Friday, October 17, 2014

The Southern Photographer at ACP -- October 2014



The Southern Photographer was honored to take part last weekend in the Portfolio Review conducted as part of this year's Atlanta Celebrates Photography Festival.

We saw lots of fine work, much of it by photographers working in the American South, of whom we will have more to say in future posts.

For now, my thanks to Amy Miller and her staff members Waduda Muhammad and Michael Murphy for organizing an exceptionally well-run event.

Part of the event for us was a gallery tour, which included stops at Jackson Fine Art, the Hagedorn Foundation Gallery, the Lumiere Gallery, and the High Museum of Art

These stops were well-chosen to give us an overview of fine art photography from the days of black-and-white to the present, when shooters are using a wide range of imaging skills to expand photography's subject matter from direct representation of the external world to exploration of imaginative worlds and presentation of unique visual experiences.

 At the Jackson, gallery owner Anna Skillman treated us to delicious food and good conversation about the gallery's current exhibits of work by the European photographer Rudd van Empel, New York-based photographers Richard Selesnick and Nicholas Kahn, and Atlanta-based multimedia artist Carolyn Carr

At the Hagedorn,  Brenda Massie, the gallery's Director, showed us work by a wide range of contemporary photographers Not From Around Here.


This included the work Amy Miller and Waduda Muhammad are looking at in the image above, by Atlanta-based photographer Steve Aishman,  whose work comes with imbedded videos of the composition of the work, so that the image one sees on the wall is only the beginning of the visual experiences Aishman has to offer.

Also at the Hagedorn at the moment is work by New York-based (but educated at SCAD) photographer Claire Rosen and Argentinian photographer Guillermo Srodek-Hart.

Massie graciously showed us the storage room at the Hagedorn, crammed with an incredible array of work, among which I was glad to see Chapel Hill-based photographer Susan Harbage Page well represented. 



All of the work in view at the Hagedorn was presided over by this fine furry critter, who seemed not at all confident that we strangers were up to any good. 

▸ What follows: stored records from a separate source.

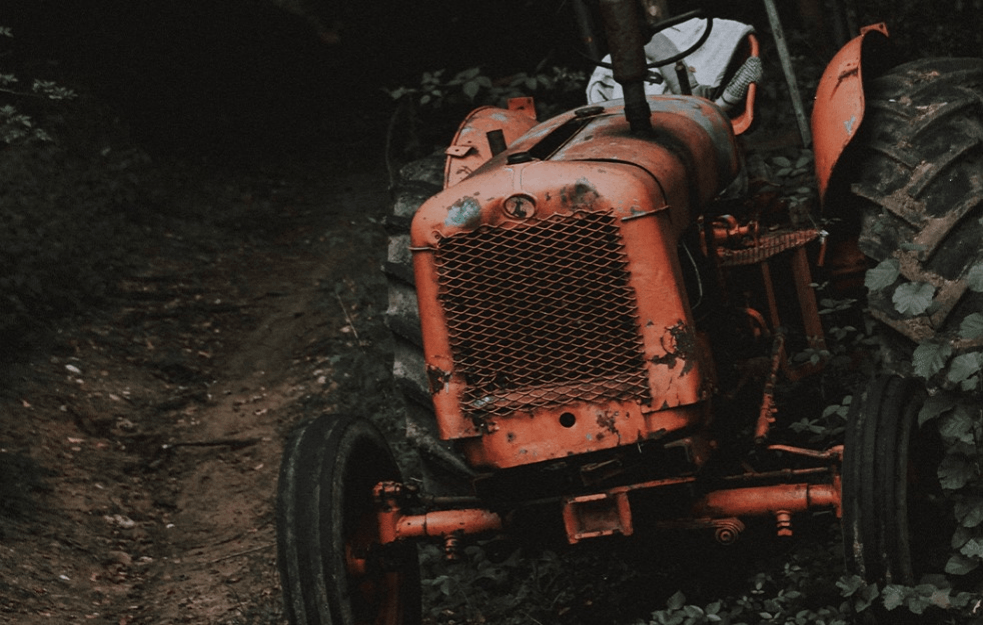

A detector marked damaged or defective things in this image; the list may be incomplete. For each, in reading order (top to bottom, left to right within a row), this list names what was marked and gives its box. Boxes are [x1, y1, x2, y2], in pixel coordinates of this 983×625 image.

rust patch [424, 360, 452, 394]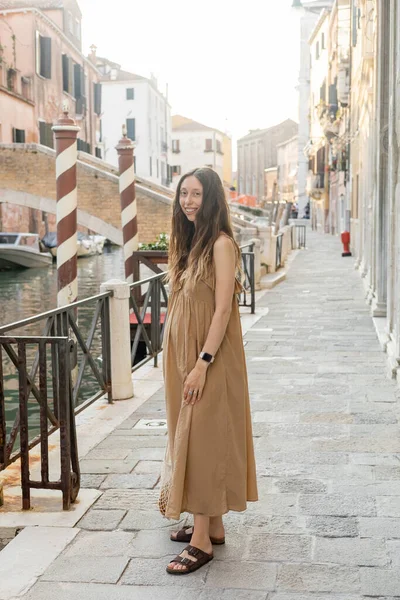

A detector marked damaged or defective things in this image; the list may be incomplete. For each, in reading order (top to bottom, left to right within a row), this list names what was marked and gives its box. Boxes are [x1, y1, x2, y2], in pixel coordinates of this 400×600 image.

rusty metal railing [0, 336, 79, 508]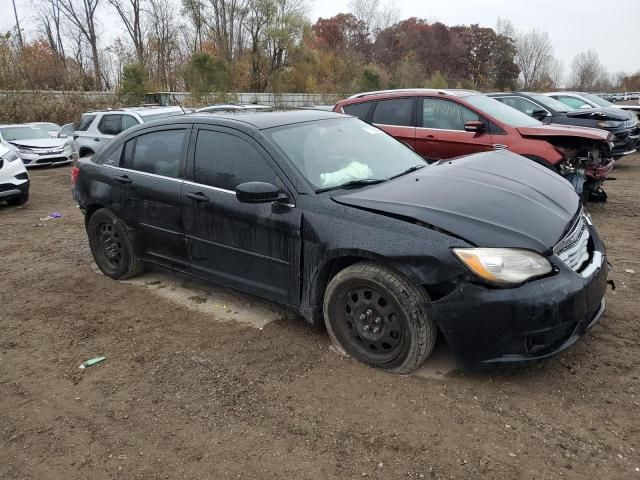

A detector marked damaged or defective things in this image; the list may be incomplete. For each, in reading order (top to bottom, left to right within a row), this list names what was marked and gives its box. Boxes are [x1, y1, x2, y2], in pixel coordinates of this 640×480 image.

damaged black car [72, 110, 608, 374]
dented hood [330, 152, 580, 253]
dented hood [516, 123, 612, 142]
damaged front end [552, 138, 612, 200]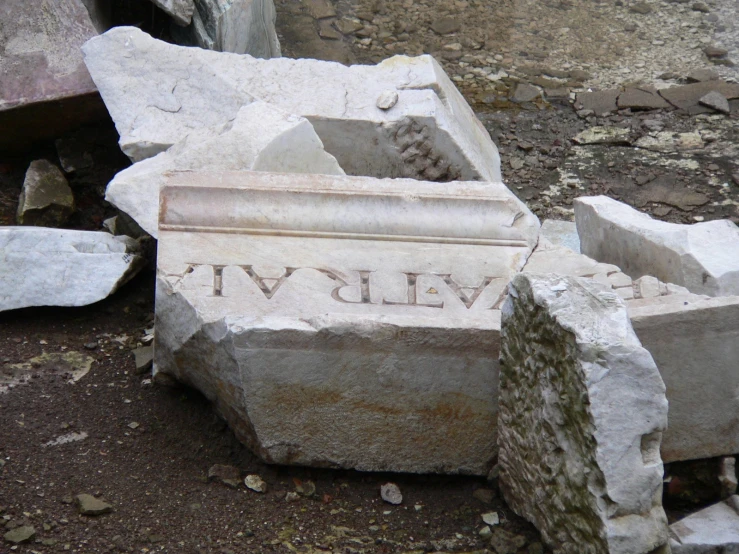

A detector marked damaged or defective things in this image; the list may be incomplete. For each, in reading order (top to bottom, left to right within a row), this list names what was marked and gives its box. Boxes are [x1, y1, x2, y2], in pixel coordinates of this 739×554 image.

broken marble fragment [191, 0, 280, 56]
broken marble fragment [16, 158, 74, 225]
broken marble fragment [0, 225, 144, 310]
broken marble fragment [106, 101, 346, 237]
broken marble fragment [84, 26, 506, 183]
broken marble fragment [155, 171, 536, 470]
broken marble fragment [580, 195, 739, 296]
broken marble fragment [502, 272, 672, 552]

Nearby, at Lumiere Gallery, owner Robert Yellowlees and his assistant Tony Casadonte gave us a tour of their historically-oriented current exhibits Masters of Photography,  including works by Berenice Abbot, Dorothea Lange, and other major 20th-century photographers, and Radiant Energy: Wynn Bullock, a show exploring the career of this distinguished photographer whose work is also on view now at the High Musuem of Art (see more on this below).

Yellowlees and Casadonte also showed us early results of their project to recover videotaped interviews of photographers, including Ansel Adams, from the heyday of large-format and documentary photography in California, just as photography was beginning to be recognized as a legitimate fine-art medium.

At the High, we were treated to a tour by Brett Abbott (see image below), the High's curator of photography.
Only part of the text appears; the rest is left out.